I realize this does not set me apart in any way. Let’s face it, if you have access to a computer and the Weird Wide Internet thingie — and that takes in about 85 percent of us — you’re going to get some e-mails that raise your eyebrows, with subjects ranging from untold riches awaiting in Nigerian bank accounts to methods of enlarging (or diminishing) various body parts to faucets. No kidding. I get a lot of messages about faucets.
It all gets back to something I’ve repeated at the dinner table every Thanksgiving for the last (mumble) years: Give us humans an amazing piece of technology, and we’ll find a way to abuse it. Invent the car, we’ll run it into a tree. Put the telephone in widespread use, and immediately someone will start calling during supper to ask for money. Come up with television, and you’ll get 600 channels with nothing worth watching.
We can’t help it. We are attracted to shiny things, but our first impulse always seems to be figuring out ways to take the shine off of them.
So it is with computers. Give us a way to communicate instantaneously with people practically anywhere in the world, and the first thing some subhumans are going to do is try an e-mail scam. And it must work, or they wouldn’t keep doing it again and again and again. Scam artists don’t beat dead horses. They move on until they find a live one, so to speak.
Anyway, back to my e-mail.
It should be apparent that I am used to a certain amount of weirdness in my inbox. In fact, I may be more accustomed to it than most, just by virtue of not being wired the same as an average human. I have a deep appreciation for the weird and tend to seek it out, rather than sitting back and waiting for it to find me. One look at my circle of friends should confirm that.

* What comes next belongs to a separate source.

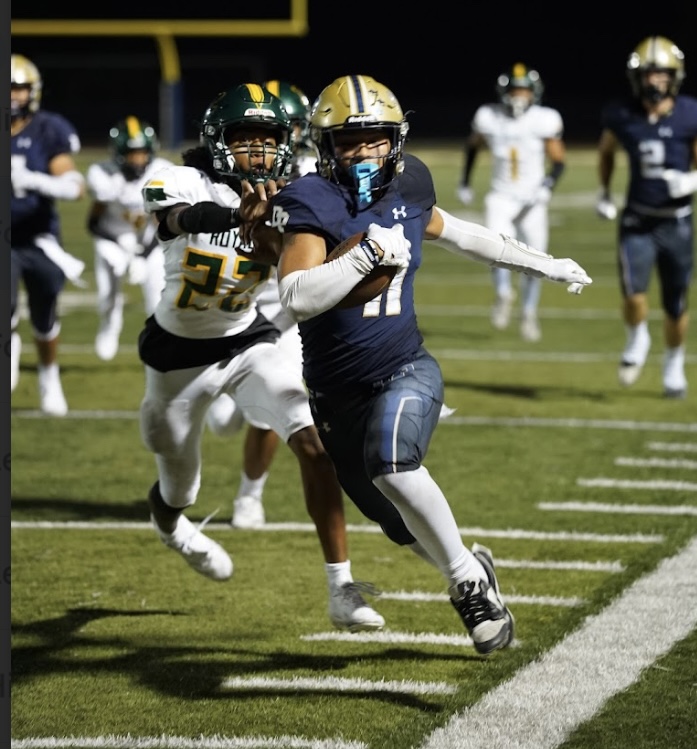Micah Barnhart (12) breaks free for big gain against Royal High School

Even so, occasionally something comes in over the transom that is unusual, even for me, and that gets me back to the beginning: I’ve been getting some peculiar e-mails lately. I open my mailbox and there they are.
That’s all it says. Just “Bra.”
“Buying a bra? Check out these tips.”
Wow. Did they get a wrong number. Not only am I not in the market, I’m not planning to need that information for … oh, let’s say ever.
I feel like writing back:
Dear Bra: Thanks so much for your recent e-mail. It was very thoughtful of you to assume that I would need some tips about buying a You, seeing as how I am a guy and can honestly say that this is one thing I know absolutely nothing about purchasing. However, upon reflection I have determined that I would like to keep it this way. Your pal, Mike. P.S. If you see your friend Faucets, tell him that I’m not interested in what he’s selling, either. Thanks.
That should do it, don’t you think? Then I can go use the one feature of e-mail technology that I have come to appreciate most deeply — the delete button. But not before I claim all those riches awaiting me in Nigeria.